Assumptions behind Regression
5 Assumptions of linear regressions are
1. A Line Describes the Data: the relationship really is linear (or, for practical purposes, approximately linear over the range of the population being studied).
2. Homoscedasticity: the standard deviations of the residuals does not vary with the values of the explanatory variables. In other words, the dispersion of the data around the regression line must be the same along the entire line.
3. Normally Distributed Residuals at a Given X: often difficult to ascertain because there usually isn't enough observations in MMA datasets with the same value of the explanatory variable to get a good look at the distribution of the residuals. This is typically true, due to the Central Limit Theorem, since the residual term is the total of a myriad of other, unidentified explanatory variables. Typically, this assumption is assessed by examining a histogram of all of the residuals.

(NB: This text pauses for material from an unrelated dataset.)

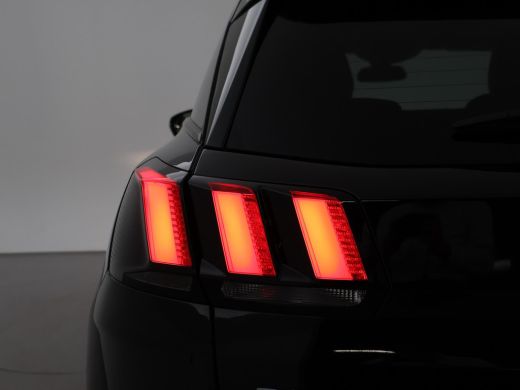 Peugeot 3008 1.2 130 PK AUTOMAAT ALLURE + 19 INCH | CARPLAY | SFEERVERLICHTING ActivLease financial lease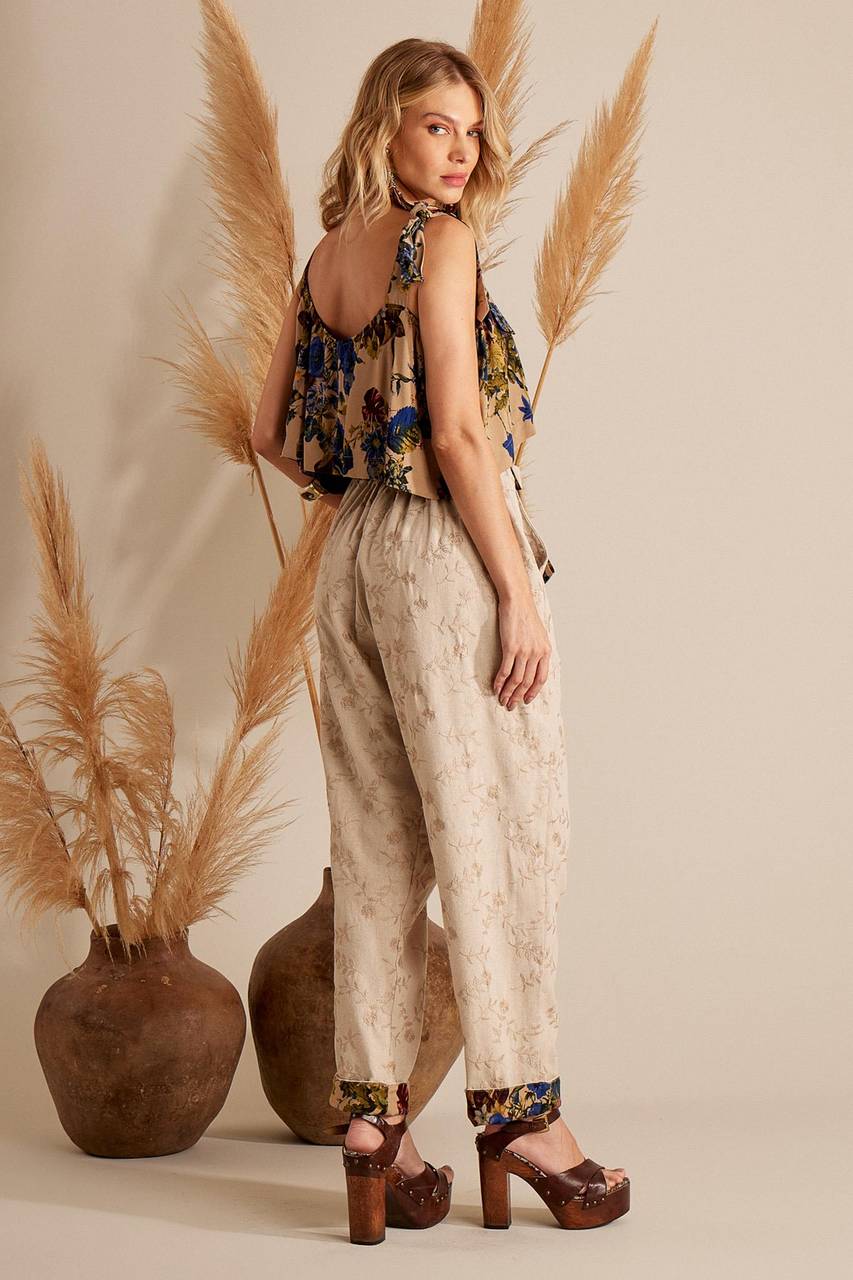 Dark Beige Linen Pantacourt Trousers Yacamim A24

It must be remembered though that this is not an assessment of the actual assumption.
4. Independent Residuals at a Given X: independent residuals is essentially the same as an assumption about independent observations. Independent observations are usually a byproduct of a carefully designed, randomly-selected sample. However, data such as ours that is measured over time or over space often violates this assumption and must be checked to see whether different techniques (times series or spatial analysis) are more appropriate.
5. The Explanatory Variables are Measured Without Error: the explanatory variable on each individual is known without error, measurement, natural, or otherwise. This is often a difficult thing to ascertain and is usually, for better or worse, just assumed to be true.